How does it feel to be chosen as replacement composer for the very popular Medal of Honor series?

It was very flattering and exciting, but also a daunting task to take over for Michael. He really set the bar high for the series and game music in general. I had a lot of fun doing the MOH series.

 

Did you listen to Giacchino’s Medal of Honor scores or did you start from scratch? What other (film-) composers have influenced you on this particular project?

Of course I listened to the other scores as well as Williams and Goldsmith. That was where Michael was coming from as well. Because of the setting and storyline of Rising Sun, we didn’t get to use as many of the old themes as we would have had we stayed with the same characters in Europe.

 

You’ve written music for a number of Medal of Honor projects. How would you compare the scores? What did you learn about composing and orchestrating from project to project? Is there any MoH-score you are especially proud of?

I personally took the scores in a much more classical direction as I went on, mostly because European Assault lent itself to that kind of language. We did make a conscious effort to play more of the drama in the last game and I think that worked, and allowed the sound effects to play with less competition. I’d have to say European Assault is probably my personal favourite, because I think the theme really translated well throughout the score.

 

Did you enjoy working with a real orchestra? How much does the overall composing process differ when using a live orchestra as opposed to a sampled score?

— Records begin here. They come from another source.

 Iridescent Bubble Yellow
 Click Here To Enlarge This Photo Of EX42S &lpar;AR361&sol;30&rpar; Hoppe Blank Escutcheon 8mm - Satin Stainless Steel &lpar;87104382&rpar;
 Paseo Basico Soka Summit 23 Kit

I always prefer live orchestra and I try to avoid using synths to fake a real group. I tend to use samples more for the percussion and specialized sounds.

 

You’ve also scored a number of movies. How would you compare movie and game scoring?

They are actually quite similar musically. They mostly differ in construction…how pieces fit together. But as far as drama and action go, they are very similar. As long as the project is inspiring, I’m happy to do either!

 

Are you pleased that your scores are being discussed / compared with film scores? For many years the direction for "crossing over" has been from game scores to movie scores (e.g., Giacchino), but more recently movie composers have gone the other way (e.g., Schifrin, Elfman & Shore). Any thoughts as to why this latter flow is happening?

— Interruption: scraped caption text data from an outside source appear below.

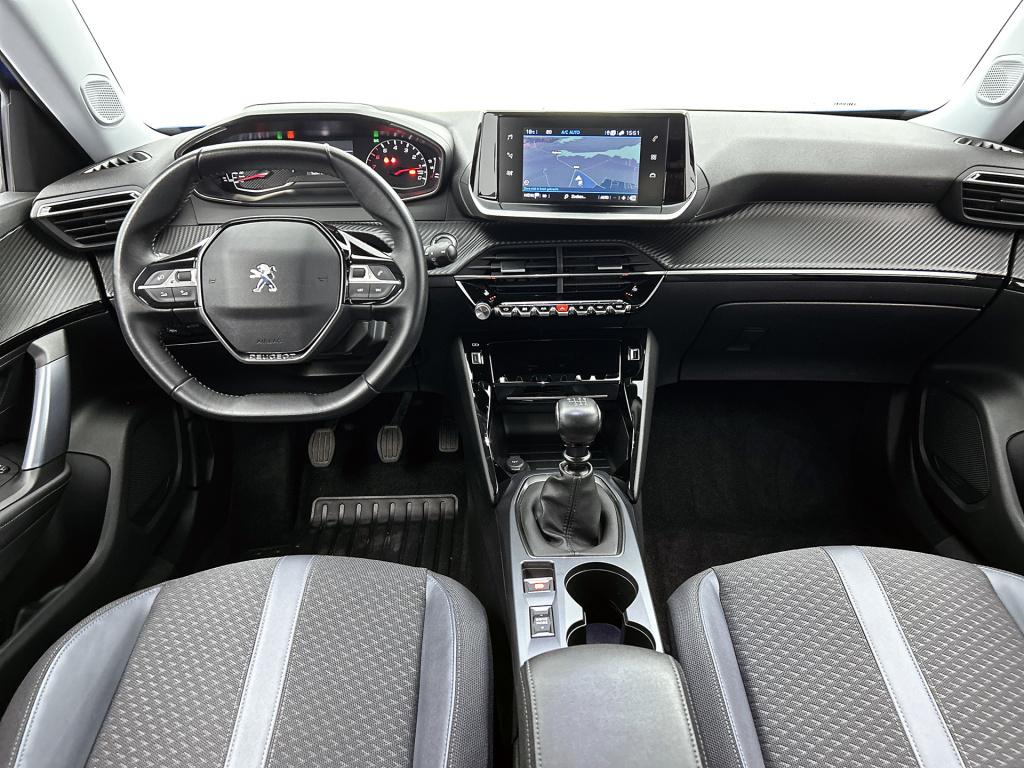Peugeot 2008 100pk allure | rijklaar | stoelverwarming | camera | navi |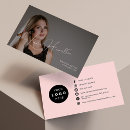 Recherche de influencer business cards Unique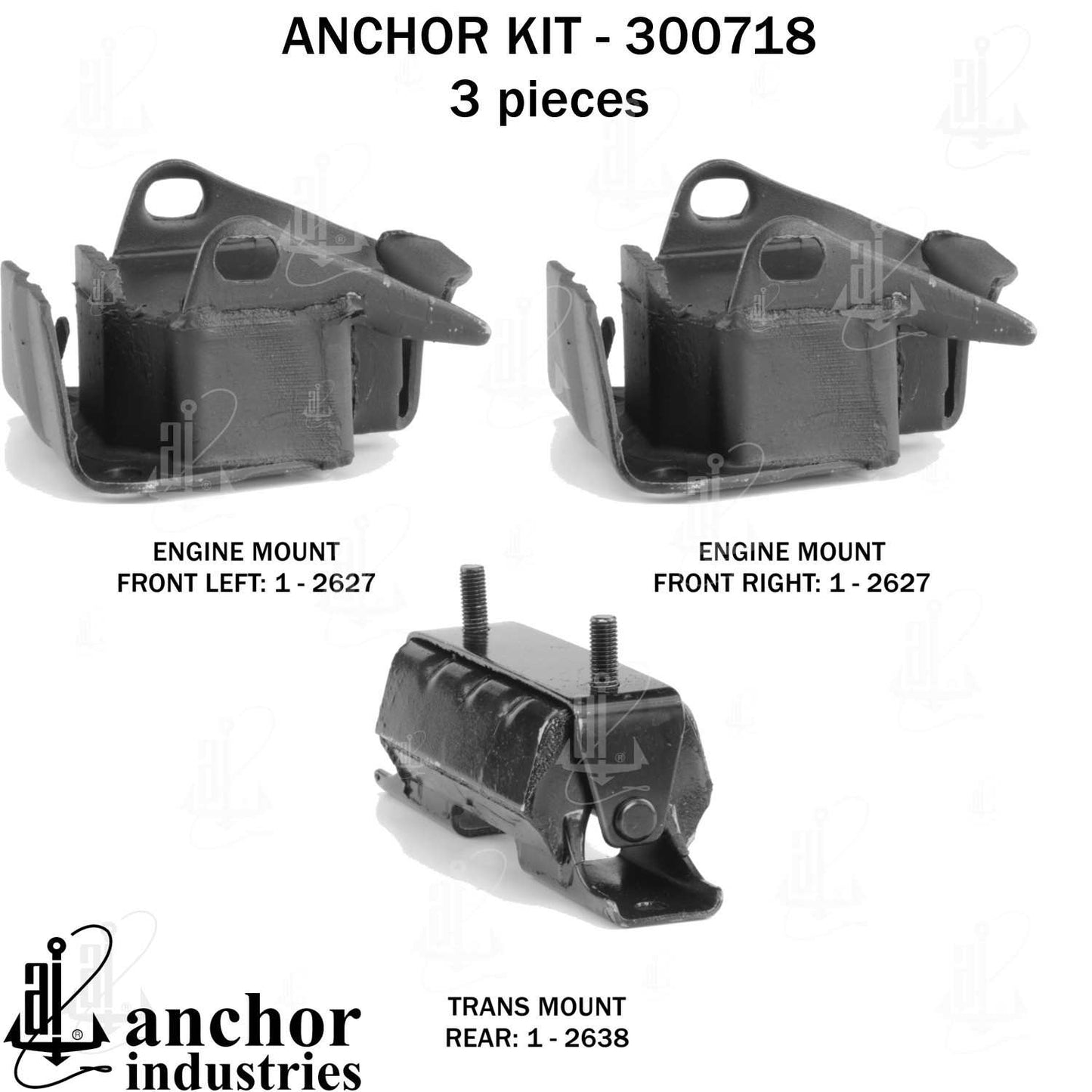 Anchor Engine Mount Kit 300718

I think it is a combination of increased budgets and the fantasy setting of many games. This allows composers to really impact the game and write grand music that is very inspirational. I think this appeals to most film composers. In the end, you want to write interesting music that matters, and if a game allows for that, then why not?...

 

Where do you see game music in five to ten years from now?

I think that by that time, there will be much less of a line between features and games as well as their music. Composers will be crossing over and back all the time and there will be a lot of really great music to discover.

 

What is, in your opinion, the most difficult / challenging / enjoyable task when composing for a video game?

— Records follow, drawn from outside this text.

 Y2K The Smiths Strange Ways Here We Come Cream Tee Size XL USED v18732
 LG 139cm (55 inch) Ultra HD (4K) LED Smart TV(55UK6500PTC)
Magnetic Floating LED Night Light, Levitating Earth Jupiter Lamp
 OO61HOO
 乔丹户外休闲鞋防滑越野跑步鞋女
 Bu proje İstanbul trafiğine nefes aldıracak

The most challenging thing is the amount of music, much of which is action oriented. It can be exhausting. The enjoyable thing about game music is the ability to write grand music…expressing yourself thematically where you can finish phrases and ideas, not being tied to a linear event.

 

What other composers / musical styles have had the greatest influences on you? What is in your CD-player right now?

Well, John Williams was my introduction to film music, but after I dove in…Jerry Goldsmith, Morricone, Hermann, Nino Rota, All the Newmans. I worked for Basil Poledouris and Michael Kamen as well as studying with Chris Young and Elmer Bernstein, so they were all big influences as well. Right now my CD player has: Salton Sea by Tom Newman, My Chemical Romance, Sanctuary by Arvo Part, Black Angels by Kronos Quartet, Freedomland by Newton Howard, and Sinatra’s Christmas Album.

 

What are you currently working on?

I just finished a game for Sony and am just starting two new titles for EA. I’m also scoring my TV show, Supernatural, for the CW and starting 2 new films: The Comebacks for Fox and This Christmas for Screen Gems.

 

Do you play PC or console games yourself?

I play mostly Console games…and besides my own, I’m a sucker for sports games like NCAA 2007 and the new Godfather game.

 

Is there anything you’d like to say that I didn’t cover?

Just Thanks for listening!!!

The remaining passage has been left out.